Variation in normal peripheral VFs has previously been investigated with Goldmann kinetic perimeter (22 subjects aged 19–42).20 The subjects had refractions between −8.0DS and +8.0DS and normal ophthalmological examination. Testing was performed without corrective glasses and one eye was randomly chosen from each subject. Results for four Goldmann targets (V4e, III4e, I4e, and I3e) were then plotted. According to Niederhausen and Mojon20, normal extent of the superior temporal VF quadrant may lie anywhere between 20 and 70° from fixation. In view of these findings, quite a few of the ULs observed in our study may be explained as normal variation. However, the data from Niederhausen and Mojon20 suggest that the temporal field extends beyond 90° along and between the 15 and 345° meridians, for a III4e target. Number of missed points in our study were located between the 15 and 345° meridians, and the corresponding Goldmann plot20 does not offer an explanation for this.

A literature review of MV contact lens studies reported that static VFs were not adversely affected in MV contact lens wearers.21 It was found that the peripheral VF width was slightly better (by 1–3°) in the eye corrected for near (the non-dominant eye) compared with the eye corrected for distance (the dominant eye). This was thought to be normal variation in measurements.21 The levels of VF changes reported in this literature review are therefore too small to account for the levels observed in our study.
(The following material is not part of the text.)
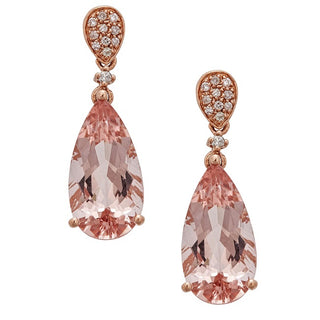 Karen 14K Rose Gold Pear-Cut Madagascar Morganite Earring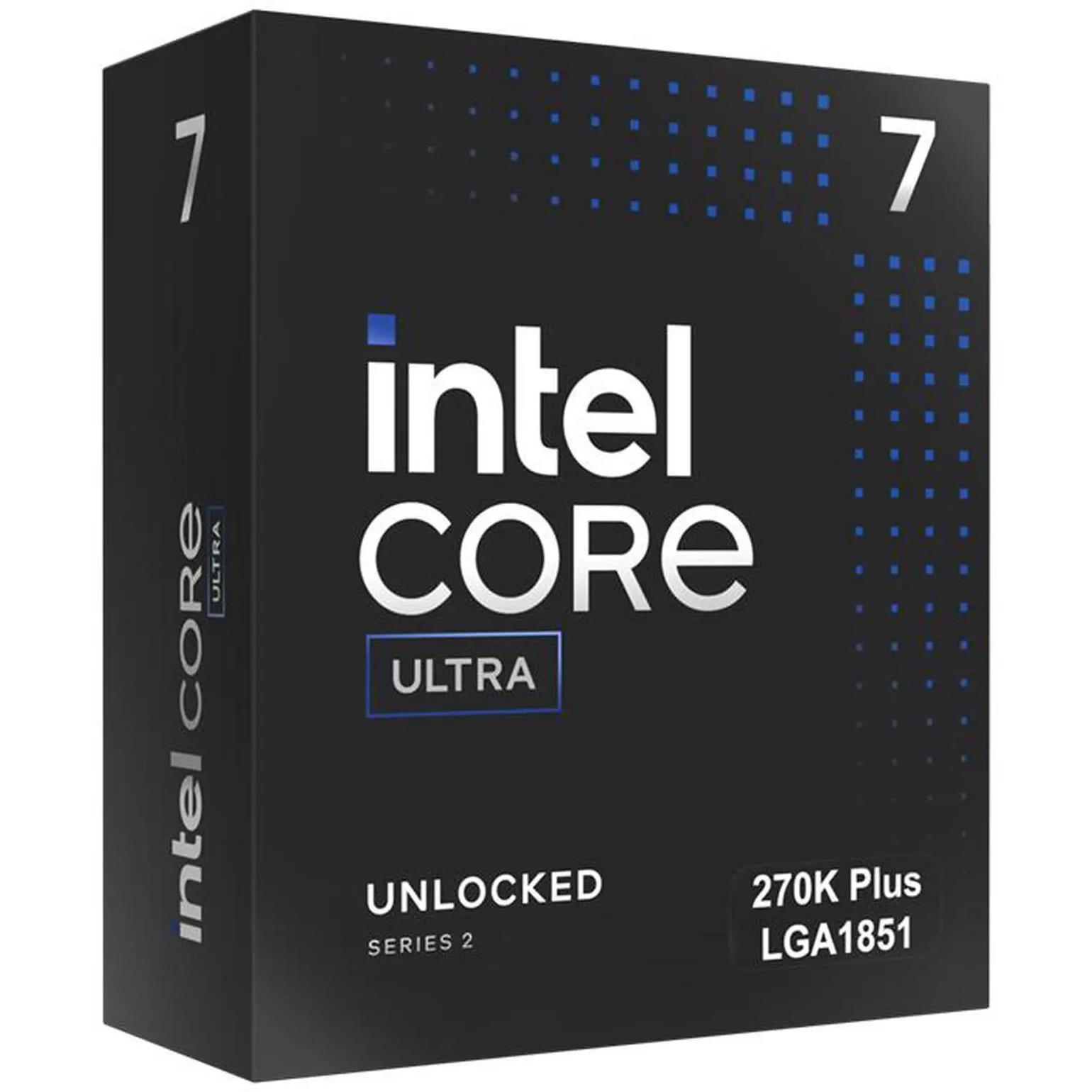 A large main feature product image of Intel Core Ultra 7 270K Plus Arrow Lake Refresh 24 Core 24 Thread Up To 5.5GHz LGA1851 CPU - No HSF Retail Box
However, effects of the surgical procedure itself may help provide an explanation. In a survey by American Society of Cataract and Refractive Surgery and European Society of Cataract and Refractive Surgeons, decentration was found to be the top cause for explantation of hydrophobic acrylic, silicon, and collamer lenses of one piece and three piece design (Ophthalmology Times, published on 4 April 2009). The same report stated that opacification and calcification were the leading causes for explanation of hydrophilic or hydrogel lenses. As the monofocal IOL used in the MV group of our study was an acrylic and hydrophilic IOL (Akreos AO), this may be one explanation for the VF results we observed. PCO, the incidence of which is about 10% at 2 years post-operatively,22 could be another explanation for the suboptimal VF plots that we encountered.
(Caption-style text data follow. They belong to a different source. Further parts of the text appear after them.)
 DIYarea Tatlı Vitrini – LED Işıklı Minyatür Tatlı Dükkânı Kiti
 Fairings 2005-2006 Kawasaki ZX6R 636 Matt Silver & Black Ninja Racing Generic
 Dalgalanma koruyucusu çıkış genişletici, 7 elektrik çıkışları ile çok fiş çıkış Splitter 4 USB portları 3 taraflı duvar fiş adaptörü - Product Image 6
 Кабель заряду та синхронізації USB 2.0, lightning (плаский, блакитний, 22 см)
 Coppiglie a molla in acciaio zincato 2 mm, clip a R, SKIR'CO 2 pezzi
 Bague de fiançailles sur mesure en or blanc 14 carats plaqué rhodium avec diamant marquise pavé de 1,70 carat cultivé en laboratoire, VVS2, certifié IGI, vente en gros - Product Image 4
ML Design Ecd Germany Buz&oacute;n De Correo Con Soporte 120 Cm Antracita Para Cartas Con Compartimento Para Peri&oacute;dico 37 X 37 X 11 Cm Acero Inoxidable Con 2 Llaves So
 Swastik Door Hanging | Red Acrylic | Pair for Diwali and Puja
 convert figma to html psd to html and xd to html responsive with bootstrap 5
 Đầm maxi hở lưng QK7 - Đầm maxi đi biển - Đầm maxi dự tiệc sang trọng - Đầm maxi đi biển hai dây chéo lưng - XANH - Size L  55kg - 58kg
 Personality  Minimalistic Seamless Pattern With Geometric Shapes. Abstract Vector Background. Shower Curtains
As impaired visual acuity is the main concern in PCO, studies of PCO normally report presence of PCO in the central few millimetres of the posterior capsular pole. It is therefore likely that the incidence of PCO in the periphery of the posterior capsule is more common. Although it is unlikely to affect the visual axis, PCO is likely to affect the peripheral VFs much earlier than the visual axis.

Tilt and decentration of IOLs are known to deteriorate image quality. Decentration and tilt induce higher order aberrations and particularly third order aberrations (coma).23 Although the aspheric IOLs have an advantage of reducing undesirable aberrations, these advantages are cancelled if the IOL is decentred.23 MF IOL implanted in the MF group in our study may have been decentred in some subjects. It is also possible that decentration may have an effect on differential light sensitivity in the periphery and therefore on the pattern of VF results observed in both the MF and MV groups.

Conclusion

This was an exploratory study involving 26 patients who had undergone bilateral sequential cataract surgery with either MF IOLs or monofocal IOLs, with powers adjusted to give MV. There was no statistically significant difference between our two groups in terms of incidence of suboptimal binocular VF plots (ie VF plots with one or more ULs). However, the pattern of suboptimal VF results encountered in the MV group is of interest because the majority of ULs corresponded to the monocular VFs of the distance-dominant eye.

A larger study is needed to investigate peripheral VF sensitivity in patients with bilateral MF IOLs and monofocal IOLs with powers adjusted to give MV. This may be done in the same way as in our study with an Esterman Binocular test or using a similar, possibly a full threshold, wide-field peripheral VF test. It may be sufficient to only test the VFs beyond 30° from fixation. Further studies may also benefit from a control group of ‘standard’ monofocal patients (with IOL powers adjusted for distance vision) with appropriate correction for the VF testing distance.